# PROBLEM DETAILS
Copy out only those lines running from the line with "Karagiri Arvik |" to the end of the listing, keeping each one exactly as it is.

# ENTRIES SHOWN
*****

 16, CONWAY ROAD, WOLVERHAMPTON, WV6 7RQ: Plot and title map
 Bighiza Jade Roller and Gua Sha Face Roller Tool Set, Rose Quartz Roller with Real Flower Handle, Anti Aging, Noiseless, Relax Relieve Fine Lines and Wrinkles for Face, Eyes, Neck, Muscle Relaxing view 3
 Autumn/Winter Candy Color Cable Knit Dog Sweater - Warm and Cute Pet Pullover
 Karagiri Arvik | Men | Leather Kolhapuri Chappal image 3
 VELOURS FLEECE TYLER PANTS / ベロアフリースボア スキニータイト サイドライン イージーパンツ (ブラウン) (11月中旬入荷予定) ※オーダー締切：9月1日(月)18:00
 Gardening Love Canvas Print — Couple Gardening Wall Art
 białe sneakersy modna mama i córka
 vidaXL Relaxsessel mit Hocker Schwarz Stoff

*****

# WRITTEN ANSWER
 Karagiri Arvik | Men | Leather Kolhapuri Chappal image 3
 VELOURS FLEECE TYLER PANTS / ベロアフリースボア スキニータイト サイドライン イージーパンツ (ブラウン) (11月中旬入荷予定) ※オーダー締切：9月1日(月)18:00
 Gardening Love Canvas Print — Couple Gardening Wall Art
 białe sneakersy modna mama i córka
 vidaXL Relaxsessel mit Hocker Schwarz Stoff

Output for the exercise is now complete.